The court in United States v. Ronald Miltier held that the fact that a defendant’s computer was made overseas was enough to establish the interstate nexus requirement for the receipt of child pornography.

A federal jury convicted Miltier, 56, of Portsmouth, of seven counts of receipt of child porn and one count of possession of child porn. After being sentenced to 70 years in prison, Miltier argued on appeal that prosecutors had failed to prove that he’d received the files in question through interstate commerce.

Miltier also argued that the judge should not have instructed jurors that the movement of a computer in interstate commerce could satisfy the interstate nexus requirement for receiving child porn. Instead, he asserted that the judge should have told jurors that the illicit files had to have been shipped or transported in interstate commerce.

But 4th Circuit Judge Henry Floyd disagreed.
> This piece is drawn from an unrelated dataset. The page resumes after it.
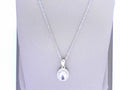 Diamond and White Topaz Birthstone Pendant 10K White Gold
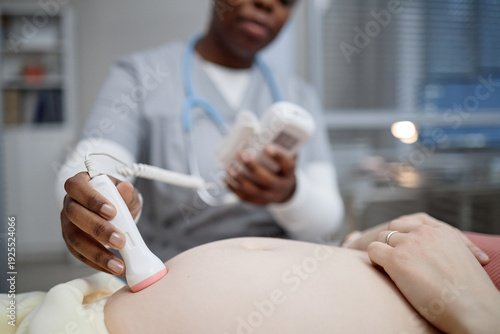 Black female doctor performing ultrasound scan on pregnant Caucasian woman, focusing on abdomen while holding medical device, healthcare professional conducting prenatal examination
He determined in the Feb. 7 decision that prosecutors are required only to show the “movement of a computer in interstate commerce.” Floyd also wrote that Congress had “used language [in the law] to indicate its intent to maximize its authority to criminalize child pornography.

“Therefore, we conclude that the statute’s plain language, in criminalizing the receipt of all child pornography that has any connection to interstate commerce, unambiguously allows the interstate nexus to be satisfied based on the movement of a computer,” he added.

The court concluded that prosecutors satisfied that requirement by having an expert testify during Miltier’s trial that the computer containing images of child porn was manufactured in China and its hard drive was built in Thailand.

Attempts to speak a representative for the U.S. Attorney’s Office and with Miltier’s appellate attorney, James Theuer of Norfolk, were unsuccessful.

Charleston criminal defense lawyer Andy Savage, who reviewed the decision at Lawyers Weekly’s request, described the 4th Circuit’s decision as an overreach.

“If this was taken to its literal end, every crime in America would be in federal jurisdiction,” he said.  “Suppose I have a [client] charged with auto break-in and he bought the screwdriver at Home Depot or Lowes and the screwdriver was made in Japan.”

“The practical extension of this case results in many, many impractical outcomes,” he added.